Not to be mistaken with the Hemingway novel, “The Sun Also Rises” is the third film by Chinese filmmaker Jiang Wen. Both his previous two films unflinchingly tackled moments in China’s recent past from a novel and unsentimental perspective. His first largely autobiographical film, “In the Heat of the Sun,” looked at the Cultural Revolution in Beijing through the eyes of bratty children of military officers, living completely carefree, happy lives. His second film “Devils on the Doorstep” is a black and white satire that’s anything but black and white. It’s pretty much “Dr. Strangelove” for the Sino-Japanese War, indicting both Chinese and Japanese characters, and was tellingly banned in China.

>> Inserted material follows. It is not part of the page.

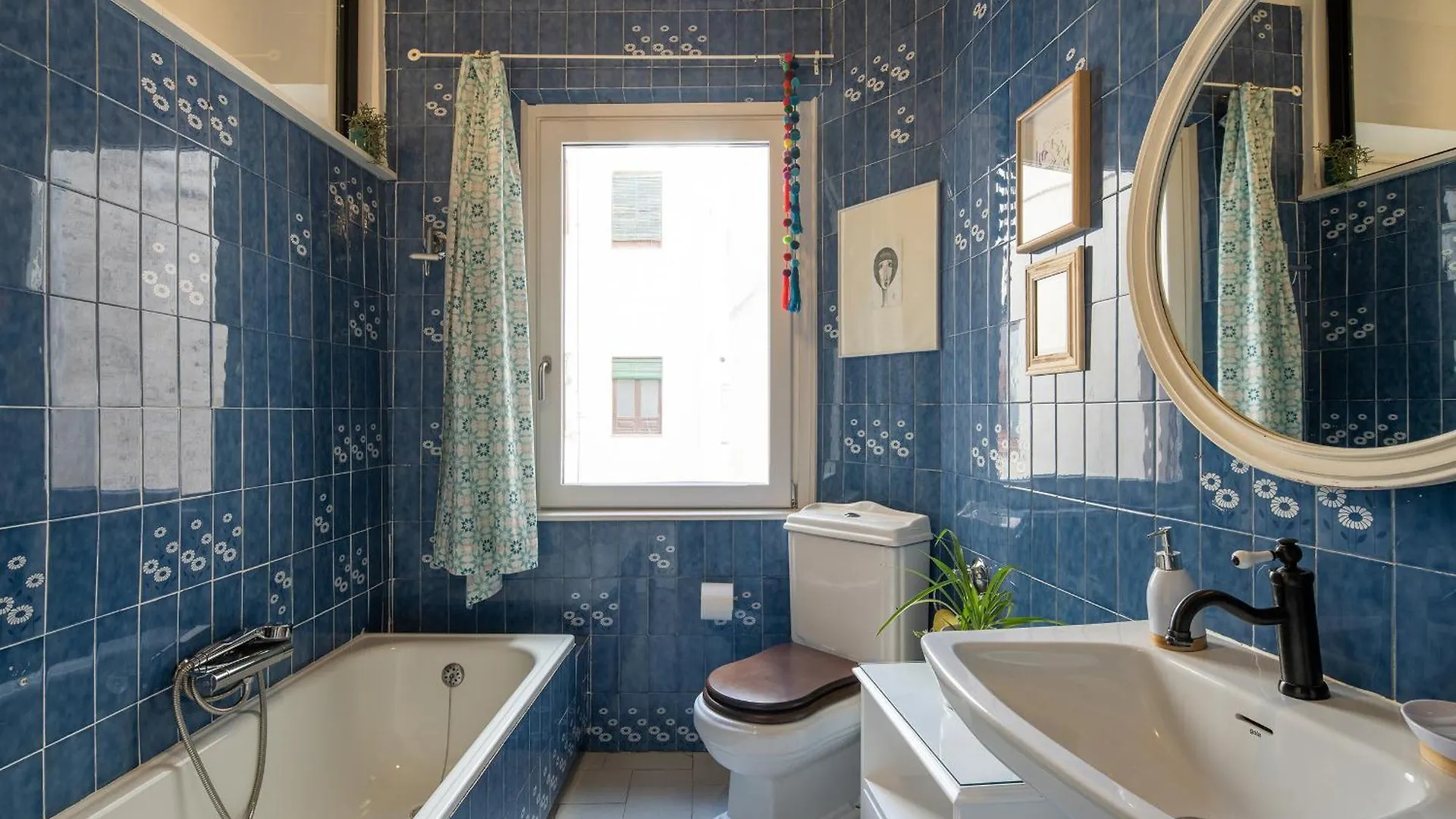 Parking Free, Granada Vintage Haven Daire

As an awesome comedic actor, whose performances I’ve seen in both of these films, Jiang also knows how to make his films dramatically entertaining, something that can’t be said for all Chinese auteurs, all too eager to follow the solemn foreign art film paradigm. It makes me all the more excited that “The Sun Also Rises” has been described as reminiscent of David Lynch, following four disjointed, discontinuous vignettes during the Cultural Revolution. So the film’s been criticized as hard to follow? All the better! I know next to nothing about the plot, but the fact that Jiang Wen himself and the goddess that is Joan Chen star in it is enough of a recommendation for me. I’m prepared to say that audiences didn’t know what hit them when they chose the somnambulant mess that was Ang Lee’s “Lust, Caution” over Jiang’s film at last year’s Venice Film Festival.
American cinema lost its New Wave aspirations sometime in the ‘70s, or arguably never had any with its lumbering studio system, but “Chop Shop” seems to make an admirable bid for the existence of some semblance of realism and class-awareness in a film set in the U.S. The director Ramin Bahrani’s first film was “Man Push Cart,” which looked at the Sisyphus-like stasis of a Pakistani immigrant resigned to selling food from a cart in Manhattan. Here, Bahrani tells the story of two orphaned siblings in the dilapidated milieu of Queens who are falling into lives of delinquency. Critics have cited Bahrani’s documentary style as an update of neorealist tradition. “Chop Shop” seems pretty promising in today’s world of liberal guilt pictures.
On the more experimental end of the festival is an animated film that is being featured prominently as a part of the festival’s homage to film noir. It’s appropriately titled “Film Noir” and by the looks of its trailer and its animation style, it’ll probably be a really hokey, underdeveloped story, but definitely fun and interesting to watch. Creators D. Jud Jones and Risto Topaloski render their film in traditional flat animation style that’s nonetheless clearly computer generated, admittedly making the film look like a computer game or Flash animation. Still, the simplicity of the animation allows Jones and Topaloski to play up the dramatic lighting and camera angles that define film noir. That it’s animated in the first place allows “Film Noir” to execute the most lurid sex scenes and gun shootouts possible that no live action film, not even blue-screen-happy “Sin City,” could get away with.
It’s these kinds of films that make me feel like the under-the-radar nature of the Philly Film Fest is a blessing in disguise.
“The Sun Also Rises” is showing on Friday 2:30 p.m. at The Bridge: Cinema DeLux. “Chop Shop” is showing on Friday 2:30 p.m. and Saturday 9:30 p.m. at Ritz Five. “Film Noir” is showing on Saturday 10 p.m. at Ritz East and Sunday 5 p.m. at The Bridge: Cinema DeLux. More information is at www.phillyfests.com.